When a new deployment rolls out, the dashboards follow custom indicators that you can set up about your app’s health. These indicators update in real time, allowing close monitoring when freshly delivered code takes its first steps after being uploaded to production.
Downsides: The ELK Stack faces the standard downsides for open source tools (namely that setup costs and deployment issues are yours to shoulder). At higher scale, the number of machines needed to run ELK Stack starts to multiply aggressively, which creates a need to upkeep and monitor them yourself. One possible solution is using hosted services like Logz.io to help manage this pressure.
The Java Angle: The ELK Stack is designed for Java. In fact, a Java runtime is required to run ElasticSearch and Logstash. Elastic recommend having at least Java 7, and all ElasticSearch nodes should run on the same JVM version.

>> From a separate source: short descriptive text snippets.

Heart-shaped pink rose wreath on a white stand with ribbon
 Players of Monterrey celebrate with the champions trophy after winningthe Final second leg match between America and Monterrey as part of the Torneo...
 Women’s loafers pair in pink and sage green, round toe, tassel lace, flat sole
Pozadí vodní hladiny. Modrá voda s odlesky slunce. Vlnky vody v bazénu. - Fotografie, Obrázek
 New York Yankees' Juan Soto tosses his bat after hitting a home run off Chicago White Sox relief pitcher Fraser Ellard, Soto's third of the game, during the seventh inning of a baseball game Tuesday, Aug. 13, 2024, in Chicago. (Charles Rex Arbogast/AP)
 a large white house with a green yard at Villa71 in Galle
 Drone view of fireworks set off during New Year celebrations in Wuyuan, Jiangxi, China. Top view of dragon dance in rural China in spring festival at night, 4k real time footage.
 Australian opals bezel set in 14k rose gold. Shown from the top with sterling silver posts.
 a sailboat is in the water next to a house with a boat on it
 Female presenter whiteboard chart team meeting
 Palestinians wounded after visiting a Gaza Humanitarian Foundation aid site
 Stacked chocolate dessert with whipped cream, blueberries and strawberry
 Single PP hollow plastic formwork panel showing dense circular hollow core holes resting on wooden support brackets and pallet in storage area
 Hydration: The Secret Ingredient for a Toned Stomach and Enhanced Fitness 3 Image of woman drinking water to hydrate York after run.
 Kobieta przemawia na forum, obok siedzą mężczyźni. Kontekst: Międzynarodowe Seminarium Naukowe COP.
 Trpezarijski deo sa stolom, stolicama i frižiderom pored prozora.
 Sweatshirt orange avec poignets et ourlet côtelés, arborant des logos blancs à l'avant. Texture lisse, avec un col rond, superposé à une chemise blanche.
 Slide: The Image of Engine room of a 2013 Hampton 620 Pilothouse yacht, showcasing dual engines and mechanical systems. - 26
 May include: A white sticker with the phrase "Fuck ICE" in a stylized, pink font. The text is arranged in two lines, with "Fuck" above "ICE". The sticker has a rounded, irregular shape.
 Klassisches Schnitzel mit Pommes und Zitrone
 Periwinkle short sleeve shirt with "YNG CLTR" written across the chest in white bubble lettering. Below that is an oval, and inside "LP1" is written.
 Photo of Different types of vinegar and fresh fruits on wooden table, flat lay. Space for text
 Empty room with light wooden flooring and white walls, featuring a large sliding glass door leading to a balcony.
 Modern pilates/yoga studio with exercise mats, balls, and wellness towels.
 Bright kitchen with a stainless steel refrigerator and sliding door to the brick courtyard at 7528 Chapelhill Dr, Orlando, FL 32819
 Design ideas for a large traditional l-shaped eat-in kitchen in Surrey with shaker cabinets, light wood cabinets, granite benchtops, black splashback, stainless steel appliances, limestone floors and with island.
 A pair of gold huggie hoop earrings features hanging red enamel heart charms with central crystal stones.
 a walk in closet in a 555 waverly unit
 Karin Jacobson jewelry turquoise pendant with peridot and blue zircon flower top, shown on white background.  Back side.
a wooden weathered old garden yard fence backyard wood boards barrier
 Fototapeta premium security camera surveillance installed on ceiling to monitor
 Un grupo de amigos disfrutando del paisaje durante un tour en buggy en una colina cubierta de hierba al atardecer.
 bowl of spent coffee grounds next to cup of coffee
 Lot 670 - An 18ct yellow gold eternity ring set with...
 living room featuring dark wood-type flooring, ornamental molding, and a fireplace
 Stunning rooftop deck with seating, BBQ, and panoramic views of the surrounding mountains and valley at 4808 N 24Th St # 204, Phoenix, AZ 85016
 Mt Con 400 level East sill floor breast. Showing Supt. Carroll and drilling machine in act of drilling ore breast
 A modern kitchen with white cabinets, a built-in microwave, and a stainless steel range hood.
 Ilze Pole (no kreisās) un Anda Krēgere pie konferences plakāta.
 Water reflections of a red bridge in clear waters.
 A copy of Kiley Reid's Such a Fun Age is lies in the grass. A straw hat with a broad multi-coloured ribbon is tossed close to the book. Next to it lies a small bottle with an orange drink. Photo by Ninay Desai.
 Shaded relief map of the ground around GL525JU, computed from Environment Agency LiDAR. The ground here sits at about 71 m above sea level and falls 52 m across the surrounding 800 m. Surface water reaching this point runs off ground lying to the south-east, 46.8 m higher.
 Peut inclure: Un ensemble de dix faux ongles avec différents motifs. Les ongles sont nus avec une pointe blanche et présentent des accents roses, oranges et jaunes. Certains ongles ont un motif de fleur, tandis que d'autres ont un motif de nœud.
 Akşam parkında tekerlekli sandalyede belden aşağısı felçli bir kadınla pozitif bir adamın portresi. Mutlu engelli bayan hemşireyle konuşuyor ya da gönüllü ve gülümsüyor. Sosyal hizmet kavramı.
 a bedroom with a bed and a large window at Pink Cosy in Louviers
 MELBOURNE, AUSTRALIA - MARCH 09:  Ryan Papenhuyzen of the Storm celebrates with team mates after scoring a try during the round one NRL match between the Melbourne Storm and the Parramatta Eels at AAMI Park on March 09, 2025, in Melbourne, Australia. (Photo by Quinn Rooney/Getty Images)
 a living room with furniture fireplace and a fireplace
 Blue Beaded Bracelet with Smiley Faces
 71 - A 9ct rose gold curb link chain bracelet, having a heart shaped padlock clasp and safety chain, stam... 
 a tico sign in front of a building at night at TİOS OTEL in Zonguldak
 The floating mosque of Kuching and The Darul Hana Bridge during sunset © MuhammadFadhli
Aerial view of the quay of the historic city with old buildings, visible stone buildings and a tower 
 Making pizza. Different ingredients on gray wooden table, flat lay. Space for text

Takeaway: ELK stack, the name for ElasticSearch, Logstash, and Kibana, is a set of open source tools that delivers search & analytics, logging, and visualization capabilities. The tools are built to integrate well together, so using the full set is simple (although not required).
Graphite is a visualization tool for monitoring metrics in your application. Made up of three components (Carbon, Whisper, and Graphite-web), its open source nature makes it easy to customize and tinker with. We wrote about building your own Graphite architecture here.
Graphite has a powerful querying API and a fairly feature-rich setup. It doesn’t capture its own metrics, but the Graphite metric protocol is often chosen the de facto format for many metrics gatherers, so feeding it data is rarely a problem. Using Graphite enables you to create an extensive range of views into your application.
Downsides: Graphite faces the standard downsides for open source tools (namely that setup costs and deployment issues are yours to shoulder). Additionally, Graphite can run into problems at higher scale thanks to design decisions it made for its Carbon and Whisper components. This one is a matter of preference, but many people aren’t too enthused with the default GUI either.
The Java Angle: Graphite is language agnostic, and there are many tools that can collect metrics from Java applications and send them to Graphite.
Takeaway: Graphite is a popular open source tool for visualizing and querying metrics you gather from your application. It has the standard open source downsides as well as some limitations around scaling, but both of those can be overcome in various ways if you’re willing to either pay or customize.
Monitoring tools are an essential inclusion in production environments today. Visualizing metrics, tracking errors, monitoring performance, and analyzing your application are all key activities for gaining insight into the workings of your application. Recognizing the need is easy, but choosing which monitoring tool or set of tools to use can be difficult.
The seven tools I wrote about here – Datadog, Ruxit, OverOps, Rollbar, Sensu, ELK Stack, and Graphite – are worthwhile tools to check out. They’re all either on the newer side or provide a valuable alternative to some of the larger tools out there. Part of choosing which tool to deploy is knowing where to start your search. The tools here make for a good starting point.